Exercise 2.26 (Idempotents and products): Show that $R$ can be written as a direct product of two or more (nonzero) rings iff $R$ contains a non-trivial idempotent. Show that if $e$ is an idempotent, then $R = Re\times R(1-e)$ and that $Re$ may be realized as a localization, $Re = R[e^{-1}]$.
I'm most interested in showing that $Re = R[e^{-1}]$. I assume that $R[e^{-1}]$ means localizing at the multiplicative set $U = \{ 1,e \}$ where the fact that $U$ is multiplicative follows from idempotence: $e^2=e$.

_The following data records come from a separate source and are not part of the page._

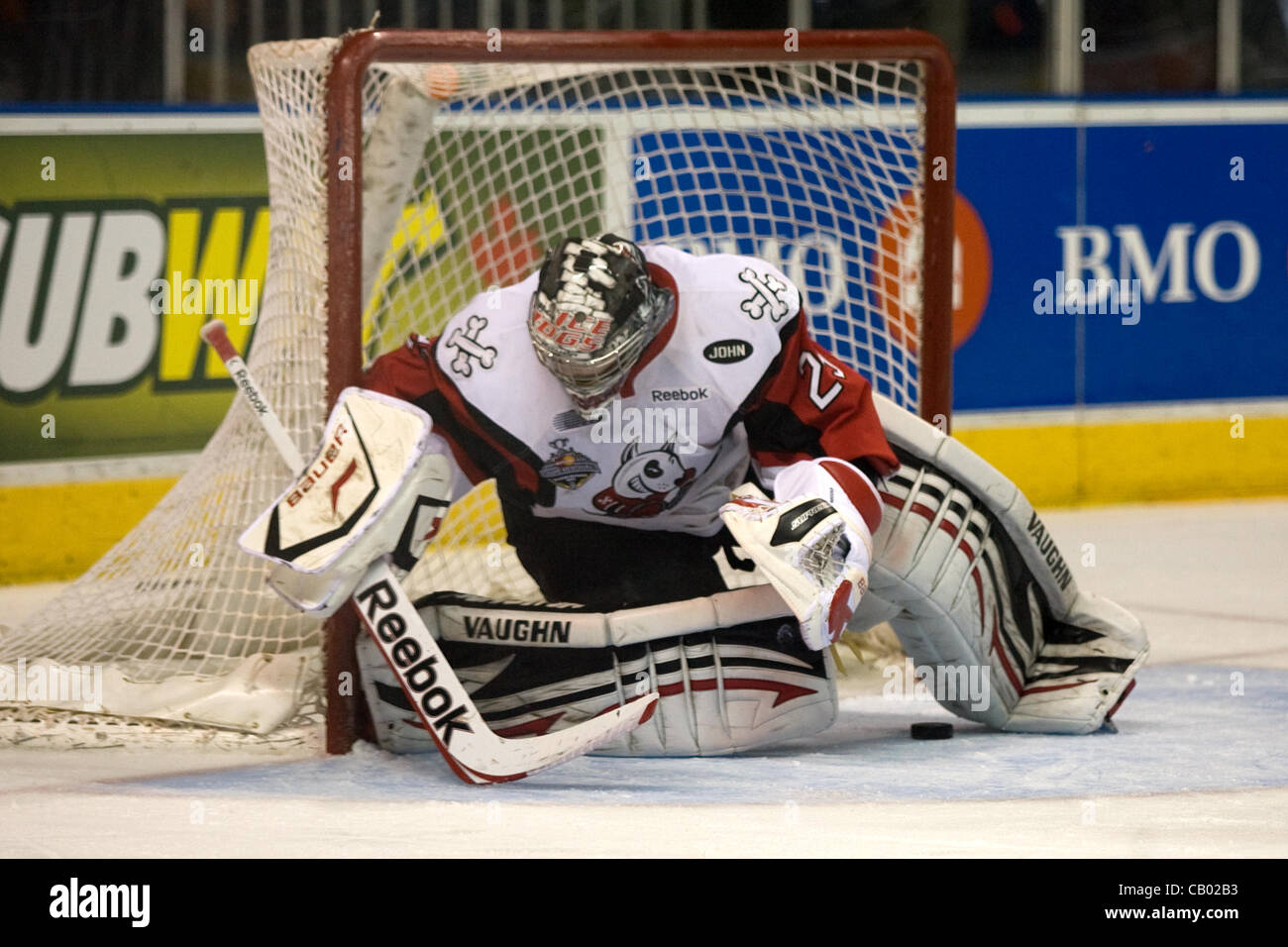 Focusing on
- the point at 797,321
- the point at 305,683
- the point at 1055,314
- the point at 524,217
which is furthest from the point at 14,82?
the point at 1055,314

After writing it out, I can't seem to picture what $R[e^{-1}]$ looks like. I show below that $r/1=r/e$ in $R[e^{-1}]$ so does that mean $R[e^{-1}]$ have the same number of elements as $R$? If so, why wouldn't the same proof show that $R\cong Re$? What is special about $R[e^{-1}]$ that makes this work? Thanks for your help!
I will use the universal property of localization. Let $\varphi:R\to Re$ be the ring homomorphism $r\mapsto re$. (Here, we are treating $Re$ as a ring in its own right with $e\in Re$ being the identity element.) We see that $\varphi(1)=\varphi(e)=e$ and hence $\varphi$ maps $U$ to units.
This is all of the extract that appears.